▶ [What to do]: Set the data down exactly as it stands, and keep its pictures out.

[Image-text web data]
▽
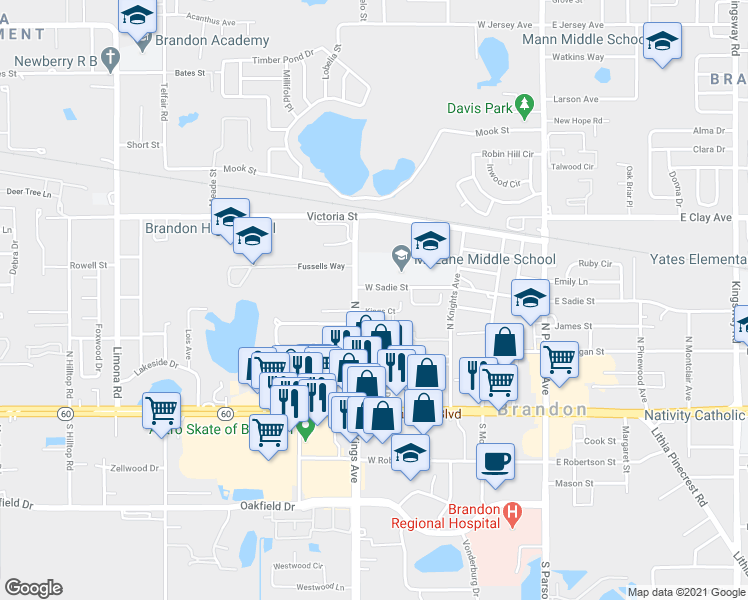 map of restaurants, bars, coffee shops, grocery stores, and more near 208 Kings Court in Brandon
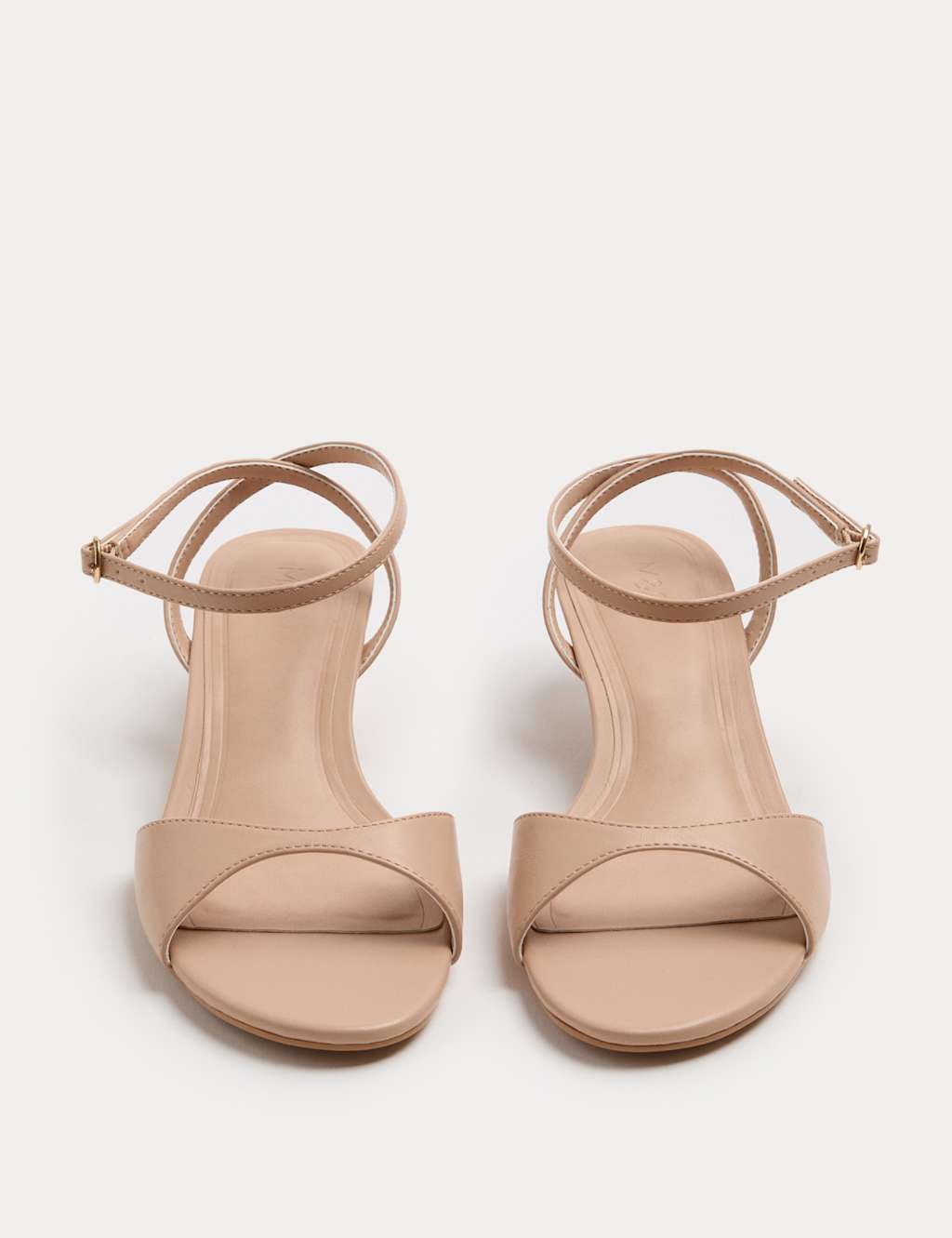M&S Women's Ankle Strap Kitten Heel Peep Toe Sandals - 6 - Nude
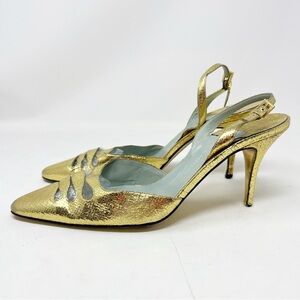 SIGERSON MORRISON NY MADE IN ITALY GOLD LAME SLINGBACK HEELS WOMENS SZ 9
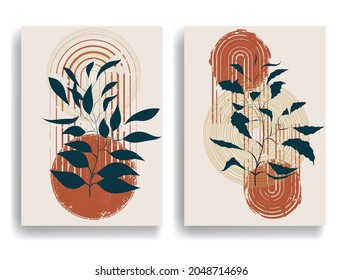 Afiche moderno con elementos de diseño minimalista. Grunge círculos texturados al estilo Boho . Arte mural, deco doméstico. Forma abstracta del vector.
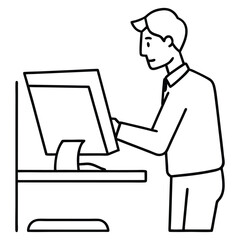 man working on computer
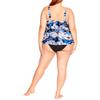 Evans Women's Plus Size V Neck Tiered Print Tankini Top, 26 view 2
△
▶ [Solution]:
 map of restaurants, bars, coffee shops, grocery stores, and more near 208 Kings Court in Brandon
M&S Women's Ankle Strap Kitten Heel Peep Toe Sandals - 6 - Nude
 SIGERSON MORRISON NY MADE IN ITALY GOLD LAME SLINGBACK HEELS WOMENS SZ 9
 Afiche moderno con elementos de diseño minimalista. Grunge círculos texturados al estilo Boho . Arte mural, deco doméstico. Forma abstracta del vector.
 man working on computer
 Evans Women's Plus Size V Neck Tiered Print Tankini Top, 26 view 2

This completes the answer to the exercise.